▶ [WHAT TO DO]: Every line below between the line holding "Vestido Force Algodón Verde" and the line holding "2022 Chevrolet Blazer, VIN", inclusive, should be repeated exactly, and all other lines omitted.

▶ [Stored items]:
"""

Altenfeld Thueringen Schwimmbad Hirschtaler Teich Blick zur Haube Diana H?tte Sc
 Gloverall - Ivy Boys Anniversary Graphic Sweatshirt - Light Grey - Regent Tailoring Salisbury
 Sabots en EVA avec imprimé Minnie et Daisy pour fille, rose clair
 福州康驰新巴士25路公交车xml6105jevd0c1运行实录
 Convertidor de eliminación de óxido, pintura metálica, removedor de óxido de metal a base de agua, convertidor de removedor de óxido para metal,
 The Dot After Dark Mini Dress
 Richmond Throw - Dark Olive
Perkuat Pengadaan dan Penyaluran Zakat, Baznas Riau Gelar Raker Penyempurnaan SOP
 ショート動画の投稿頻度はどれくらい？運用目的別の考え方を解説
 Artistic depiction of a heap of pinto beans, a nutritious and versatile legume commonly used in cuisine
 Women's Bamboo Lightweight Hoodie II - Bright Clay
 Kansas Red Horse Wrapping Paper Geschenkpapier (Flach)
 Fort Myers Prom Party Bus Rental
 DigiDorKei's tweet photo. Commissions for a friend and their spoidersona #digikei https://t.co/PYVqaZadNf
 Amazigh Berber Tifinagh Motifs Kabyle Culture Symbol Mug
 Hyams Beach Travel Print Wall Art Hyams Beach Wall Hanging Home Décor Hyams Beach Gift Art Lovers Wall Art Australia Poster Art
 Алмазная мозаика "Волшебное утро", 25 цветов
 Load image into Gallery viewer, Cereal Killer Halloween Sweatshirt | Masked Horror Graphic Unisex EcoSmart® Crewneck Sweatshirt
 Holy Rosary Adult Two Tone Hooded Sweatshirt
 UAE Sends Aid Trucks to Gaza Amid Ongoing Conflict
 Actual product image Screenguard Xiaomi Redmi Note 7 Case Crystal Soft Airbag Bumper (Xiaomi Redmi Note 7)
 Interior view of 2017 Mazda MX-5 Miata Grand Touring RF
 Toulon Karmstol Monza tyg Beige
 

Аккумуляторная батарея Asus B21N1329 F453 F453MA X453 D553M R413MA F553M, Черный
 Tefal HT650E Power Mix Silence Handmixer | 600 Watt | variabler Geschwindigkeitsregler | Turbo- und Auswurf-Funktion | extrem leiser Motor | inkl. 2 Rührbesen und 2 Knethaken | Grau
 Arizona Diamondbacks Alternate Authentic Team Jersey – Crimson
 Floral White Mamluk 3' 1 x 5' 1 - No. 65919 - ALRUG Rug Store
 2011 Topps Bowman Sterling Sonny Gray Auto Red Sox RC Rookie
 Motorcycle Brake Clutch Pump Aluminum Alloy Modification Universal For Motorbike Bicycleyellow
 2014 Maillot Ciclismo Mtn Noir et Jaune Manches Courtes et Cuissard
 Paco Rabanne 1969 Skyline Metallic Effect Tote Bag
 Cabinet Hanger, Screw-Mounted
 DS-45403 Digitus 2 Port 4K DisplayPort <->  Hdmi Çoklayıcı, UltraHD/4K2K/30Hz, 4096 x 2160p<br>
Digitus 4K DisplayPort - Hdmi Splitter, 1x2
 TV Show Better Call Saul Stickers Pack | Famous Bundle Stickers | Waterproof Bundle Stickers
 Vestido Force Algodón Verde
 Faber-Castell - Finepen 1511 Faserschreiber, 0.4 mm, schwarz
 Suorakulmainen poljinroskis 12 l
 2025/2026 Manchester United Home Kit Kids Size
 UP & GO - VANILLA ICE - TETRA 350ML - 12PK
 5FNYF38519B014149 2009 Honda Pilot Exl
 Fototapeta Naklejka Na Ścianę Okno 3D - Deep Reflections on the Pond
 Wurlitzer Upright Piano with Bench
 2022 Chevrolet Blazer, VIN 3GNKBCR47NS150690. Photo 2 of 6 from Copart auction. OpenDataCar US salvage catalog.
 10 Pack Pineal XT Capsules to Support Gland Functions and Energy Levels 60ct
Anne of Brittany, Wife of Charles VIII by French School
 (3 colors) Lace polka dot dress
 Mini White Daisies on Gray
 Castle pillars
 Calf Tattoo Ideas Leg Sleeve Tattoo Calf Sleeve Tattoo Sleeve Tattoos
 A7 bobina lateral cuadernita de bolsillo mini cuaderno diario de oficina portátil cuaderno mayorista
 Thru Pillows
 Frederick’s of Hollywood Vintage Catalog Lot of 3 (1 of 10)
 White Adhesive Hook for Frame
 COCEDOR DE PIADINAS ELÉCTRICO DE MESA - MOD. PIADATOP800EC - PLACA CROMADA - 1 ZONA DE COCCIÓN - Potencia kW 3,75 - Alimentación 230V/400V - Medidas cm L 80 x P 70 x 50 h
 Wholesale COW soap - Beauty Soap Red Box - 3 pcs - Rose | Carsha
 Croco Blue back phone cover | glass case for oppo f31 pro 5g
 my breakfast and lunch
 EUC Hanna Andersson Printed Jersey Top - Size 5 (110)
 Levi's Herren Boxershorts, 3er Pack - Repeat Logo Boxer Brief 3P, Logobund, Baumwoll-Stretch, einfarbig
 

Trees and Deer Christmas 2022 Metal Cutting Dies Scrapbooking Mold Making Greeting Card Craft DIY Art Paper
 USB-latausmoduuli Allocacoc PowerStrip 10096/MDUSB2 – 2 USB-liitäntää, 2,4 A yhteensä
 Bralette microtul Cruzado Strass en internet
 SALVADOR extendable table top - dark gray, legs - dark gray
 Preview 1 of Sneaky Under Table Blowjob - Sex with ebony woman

"""

▶ [EXERCISE RESULT]:
 Vestido Force Algodón Verde
 Faber-Castell - Finepen 1511 Faserschreiber, 0.4 mm, schwarz
 Suorakulmainen poljinroskis 12 l
 2025/2026 Manchester United Home Kit Kids Size
 UP & GO - VANILLA ICE - TETRA 350ML - 12PK
 5FNYF38519B014149 2009 Honda Pilot Exl
 Fototapeta Naklejka Na Ścianę Okno 3D - Deep Reflections on the Pond
 Wurlitzer Upright Piano with Bench
 2022 Chevrolet Blazer, VIN 3GNKBCR47NS150690. Photo 2 of 6 from Copart auction. OpenDataCar US salvage catalog.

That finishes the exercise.